As the jury went out to deliberate David Hudson's fate at the conclusion of his first-degree murder trial, his attorney, Stuart Young, left to attend to another case after telling the judge to respond as he saw fit to any questions the jury might have. Not long after Young's departure, the jury asked the judge to explain the concept of aiding and abetting and to define the difference between first- and seconddegree murder. The judge responded by re-reading some of the murder instructions previously given and by reading a definition of aiding and abetting that the judge had read earlier for one of the other charges against Hudson. Since Young was not present for this reinstruction of the jury, there were no objections. The jury convicted Hudson of first-degree murder the next day.
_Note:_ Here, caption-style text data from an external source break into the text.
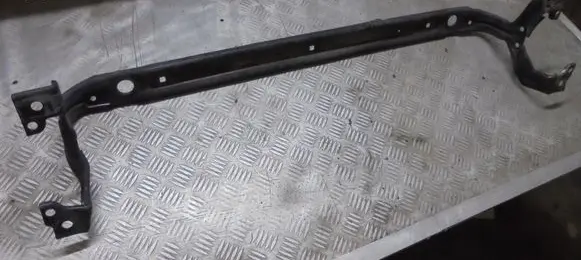 Volvo V40 Bottom radiator support slam panel 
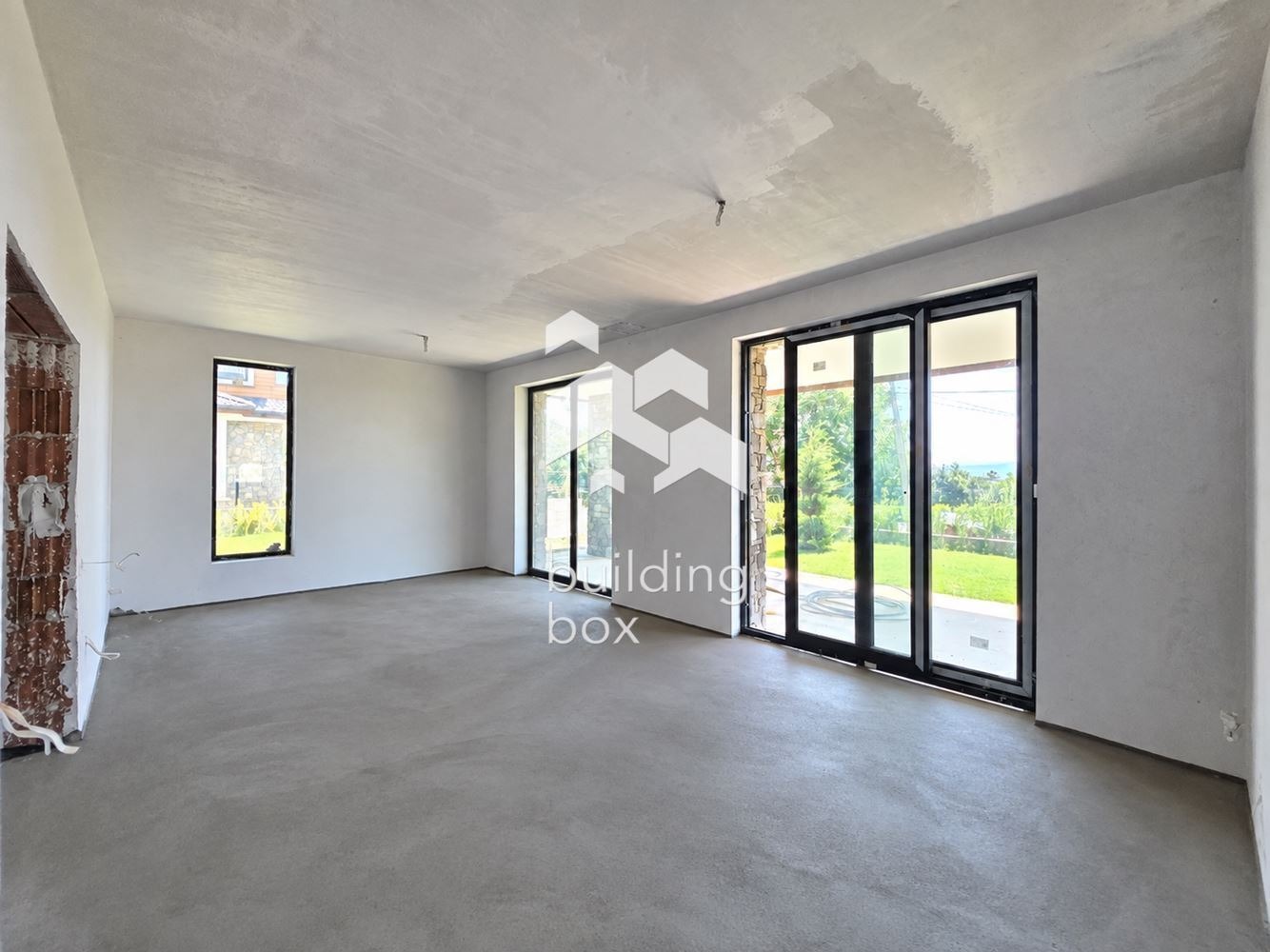 Продава КЪЩА, с. Люлин, област Перник, снимка 8 - Къщи - 56706519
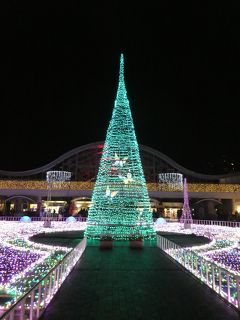 【2018年　宮崎】その１　宮崎には何があるの？知らずに行ってごめんなさい。（フローランテ宮崎、東横イン宮崎駅前） 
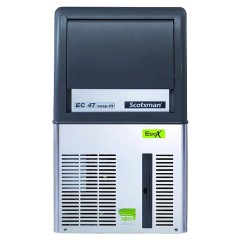 Льдогенератор SCOTSMAN EC 47 WS OX R290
These two cases bear an obvious similarity: the attorneys for both Pamela Green and David Hudson were absent during portions of their criminal trials in clear violation of the bedrock Sixth Amendment rule that a criminal defendant has the right to have the assistance of counsel throughout the entire trial. When these two cases reached the Sixth Circuit on habeas corpus review sixteen years apart, however, the court applied two very different rules of decision. In Green, the court held that the temporary absence of her attorney automatically required a new trial regardless of whether Green had been harmed by the temporary absence of counsel. In so holding, the court applied the Supreme Court's decision in United States v. Cronic, in which the Court endorsed a rule of "uniformly" reversing a conviction without requiring a showing of prejudice when counsel was absent from a critical stage of the trial. In Hudson, by contrast, the same Sixth Circuit concluded that Cronic did not apply, and that Hudson was not entitled to a new trial because he had failed to demonstrate exactly how the temporary absence of his attorney during the trial had harmed him.